For the last year, parents of children at Waynewood, which is in the Fort Hunt area, have campaigned vigorously to keep the school system from installing nylon all-purpose flooring known as Pro-Gym at the school, complaining that it wouldn't be conducive to after-school basketball or roller skating and could cause injuries.
School officials maintain the carpet makes the gyms more versatile and comfortable, and said there have been no complaints from the 40 schools that have been carpeted.
Last month, School Board member Armando M. Rodriguez, whose Mount Vernon District includes Waynewood, asked his colleagues to grant an exception for the school, but his motion failed on a tie 5-to-5 vote. Two board members who voted against the exemption, Carla M. Yock (Mason) and Joanne T. Field (Dranesville), are expected to switch their votes tonight.

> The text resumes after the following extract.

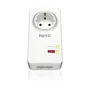 AVM FRITZ!Powerline 1220E Kit 2 Adaptadores PLC 1200 Mbps Gigabit Ethernet Blanco - Extensor de Red por Línea Eléctrica HomePlug AV2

Yock said she would do so as a favor to Davis, who appointed her, but that it leaves a bad taste in her mouth.
"This is a non-issue that just won't die," she said. "I don't like this because we can't have every little community for every little school decide the floor covering and desk coverings and color of the tiles for everything. We've got a process."
Some school officials complained that supervisors are playing election-year politics with the issue, jockeying to see whether Democrats or Republicans can take credit for satisfying the community.
Davis denied that, saying he only got involved because Supervisor Gerald Hyland (D-Mount Vernon) asked him to talk with Yock.
Davis, who said the school system has created "bureaucratic rationales" for ignoring community wishes, has no constituents involved, although he is planning to run for the countywide Board of Supervisors chairmanship this year.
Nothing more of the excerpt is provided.